BEST OF NEW BRITISH TALENT

Ben Topliss
web: www.bentopliss.com
contact: ben@bentopliss.com


Based in Manchester’s hip Northern Quarter, Ben Topliss has carved himself a little niche creating flyers and branding for the local clubs and bars that he also DJs in. These clients are a natural fit for his slick, edgy style.

“I try to portray in my work a certain level of energy and vibrancy,” he says. “I’m inspired quite heavily by music culture – especially electronic music, which I think probably stems from a love of the 1980s. My other major influence is architecture, especially anything that uses glass.”

However, Topliss isn’t just limited to bar and club flyers. He trained in product design and computer applications, but found that he enjoyed the Flash-heavy interactive design component so much that it gave him a clue as to where he should head after graduation.

“I’ve developed further via Flash and interaction design into graphic art and web design,” he says.

On graduating from Sheffield Hallam University, Topliss worked as a CAD designer while doing as much freelance web-design work as possible.

“During my free time I would work on personal projects, including setting up an online store selling my own artwork on T-shirts and clothing.”

He’s now moved up to Manchester, where he works in a studio, and has worked for clients including Asda, Siemens, Cooperative Food, Supanet, and Minoru 3D, as well as local nightlife haunts.

“In my work I love playing with the ideas of light and perception,” he says. “With every new project I want to expand and grow as a designer from my last. This is the driving force within my mind.”

He continues: “Every project I do seems to be different, so the materials I use tend to vary also. I do my best to use the most suitable materials for each project. This often starts with a series of sketches and finishes on my MacBook Pro.


"Photoshop is my main weapon of choice and Illustrator is pretty much always open too. I use Flash and Dreamweaver for realizing web projects, and InDesign and Soundbooth tend to get a good workout, as well.”


BEST OF NEW BRITISH TALENT


Craig Shields
web: www.surpy.co.uk
contact: craig@surpy.co.uk

Even among our selection of promising young designers, Shields is the baby of the group – he’s still a student, in his final year of a graphic design degree at Lincoln University.

He’s already developing a feel for which way his future lies. “I enjoy the course, but illustration feels more suited to me,” he says, adding that he’d like to either do a specialized illustration course or remain in Lincoln to freelance when he graduates.

“I don’t think I have a creative style: I tend to try and experiment with as many different styles as possible, because I get bored of work I’ve done,” Shields says.

“I always try to mix up styles and keep my work fresh.
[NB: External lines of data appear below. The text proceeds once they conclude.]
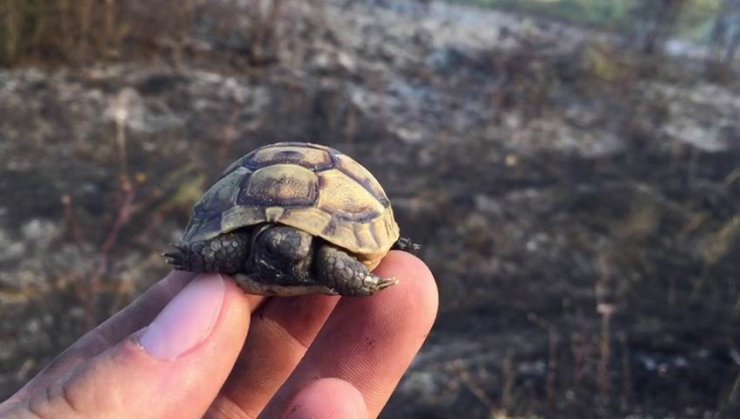 Yavru kaplumbağayı yanmaktan son anda kurtardılar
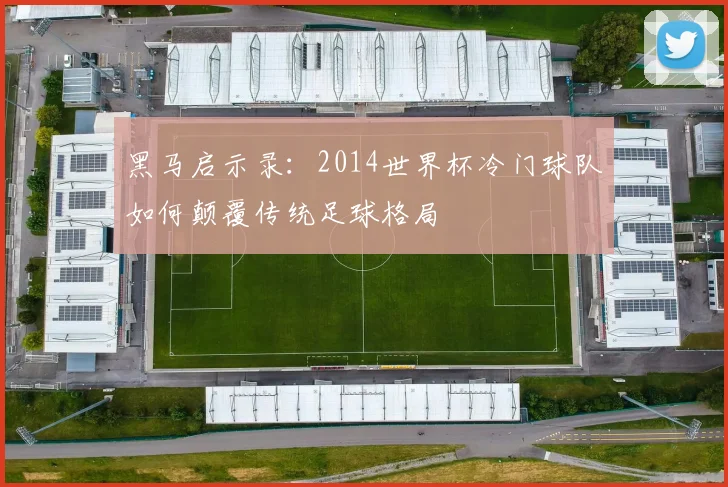黑马启示录：2014世界杯冷门球队如何颠覆传统足球格局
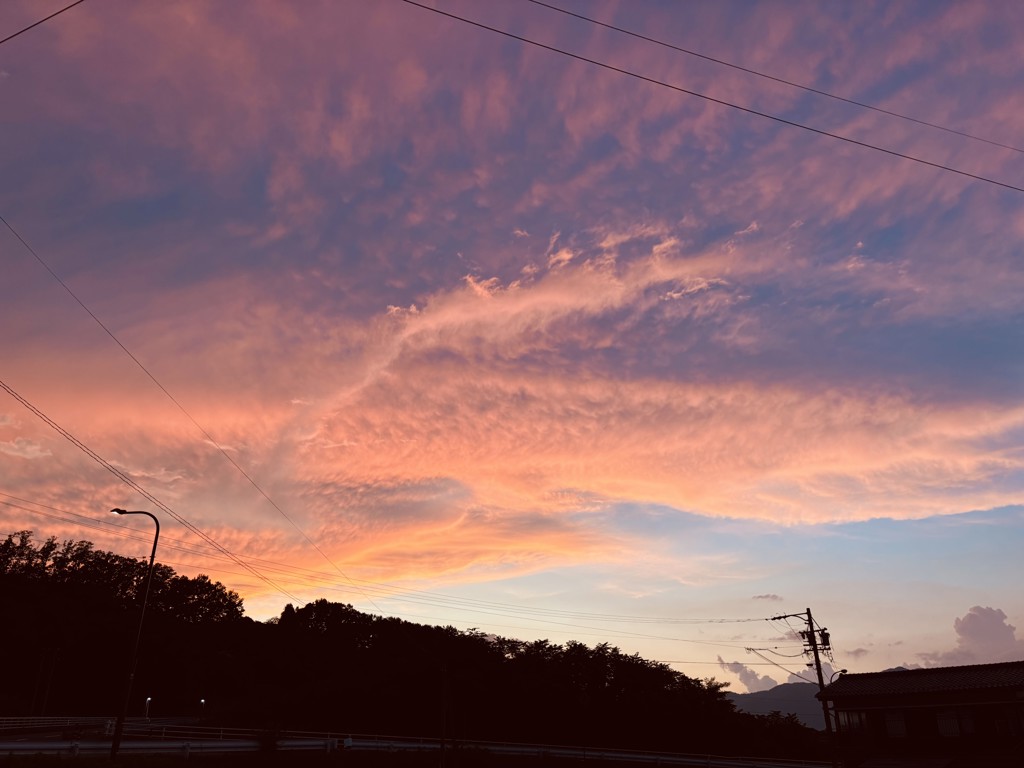 2025年秋発売予定】トゥルリッチピール – My NADESHICO Store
One thing that I like to do with most of my work is keep it dark and then inject a bright mix of vibrant colours and shapes to give it ‘pop’.”

His works often incorporate hand-drawn or handmade elements – “I’ve always tried not to let the computer completely take over my work,” he says.

Shields says that his work hit a turning point when he joined the online art collective Depthcore.com. “Inspiration comes from all around me, but especially people that I speak to and collaborate with.

"Being a member of Depthcore.com, I’ve had the pleasure of working with artists such as Mike Harrison, and Pete Harrison, both of whom are well-known for their illustration work. I’ve learned a lot by collaborating, helping me refine and improve on my techniques, and overall creating better works.”

His first clients include Lincoln University, Razorfish, and Digital Arts. He says that for young designers it’s important to be “as different to everyone else out there as you can – try not to follow trends, try to create your own style and build on it.”

He continues: “Secondly, try to join an art group on the Internet. They’re the best places to learn, talk about and enjoy the work that you want to create.”


Enjoying the work, for Shields, is the key thing. “Ilustration isn’t just a hobby or a way to make money: it’s a lifestyle, so make it a part of your social life,” he advises.